EXERCISE GOAL -
The entries are to be output word for word, with the pictures omitted.

'''

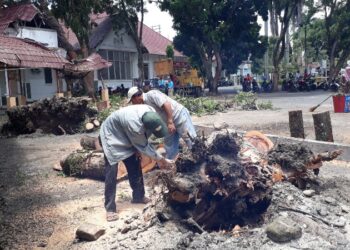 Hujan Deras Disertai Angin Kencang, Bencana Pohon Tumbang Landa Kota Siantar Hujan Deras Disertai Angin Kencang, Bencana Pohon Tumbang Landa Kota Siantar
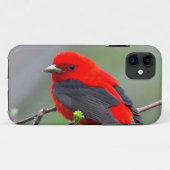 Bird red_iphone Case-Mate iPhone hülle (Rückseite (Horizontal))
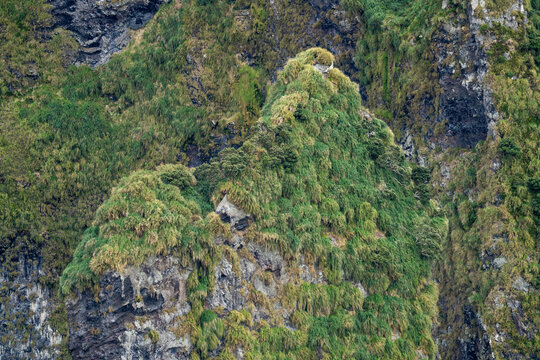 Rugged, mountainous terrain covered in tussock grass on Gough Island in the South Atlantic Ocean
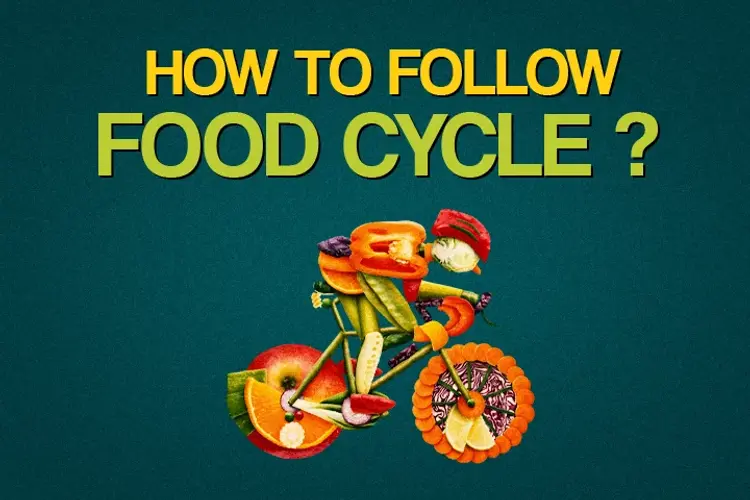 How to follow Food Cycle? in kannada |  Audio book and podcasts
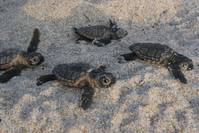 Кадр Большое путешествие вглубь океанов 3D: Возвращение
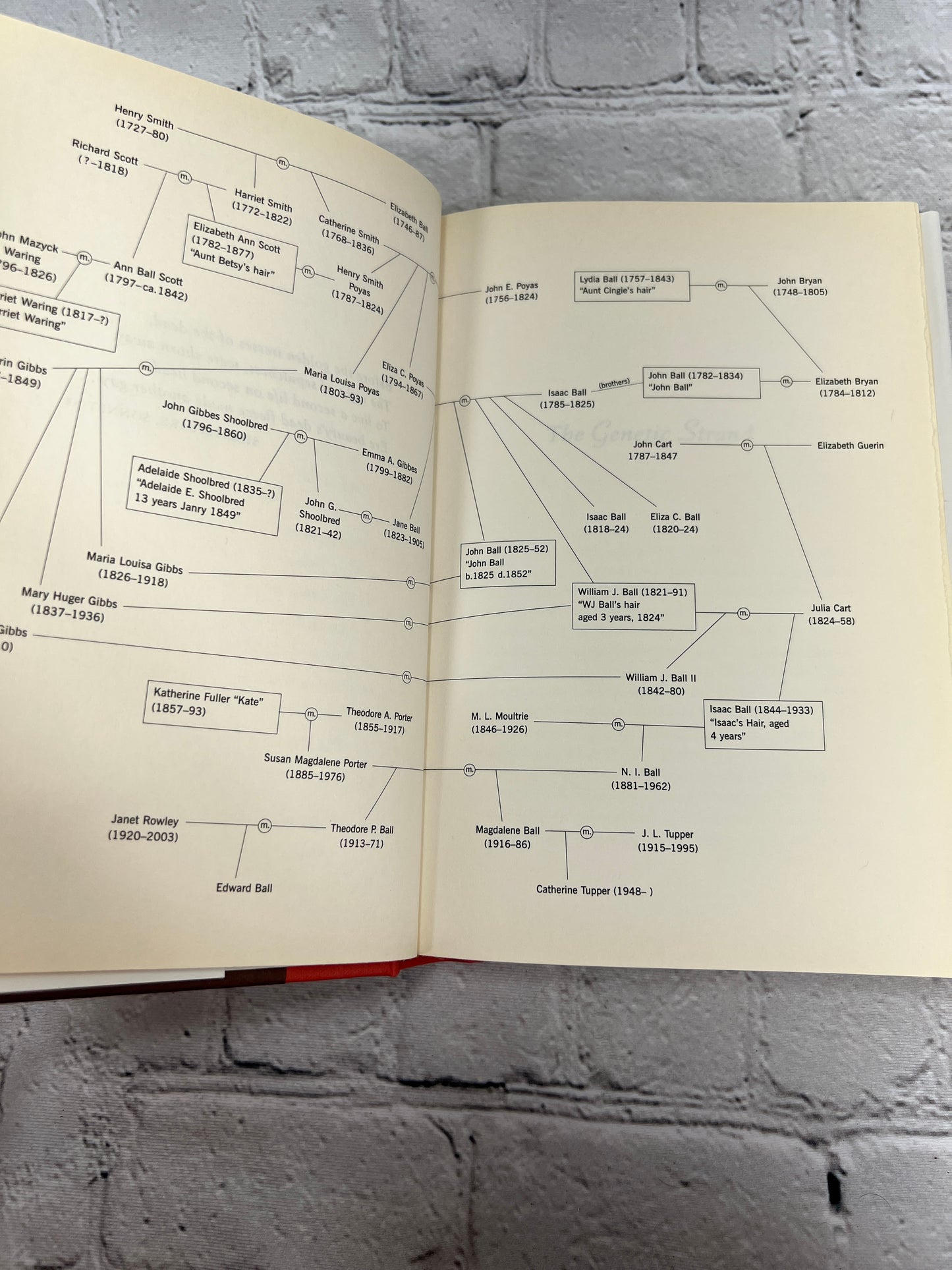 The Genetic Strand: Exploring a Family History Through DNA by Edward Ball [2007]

'''

ANSWER AREA -
 Hujan Deras Disertai Angin Kencang, Bencana Pohon Tumbang Landa Kota Siantar Hujan Deras Disertai Angin Kencang, Bencana Pohon Tumbang Landa Kota Siantar
 Bird red_iphone Case-Mate iPhone hülle (Rückseite (Horizontal))
 Rugged, mountainous terrain covered in tussock grass on Gough Island in the South Atlantic Ocean
 How to follow Food Cycle? in kannada |  Audio book and podcasts
 Кадр Большое путешествие вглубь океанов 3D: Возвращение
 The Genetic Strand: Exploring a Family History Through DNA by Edward Ball [2007]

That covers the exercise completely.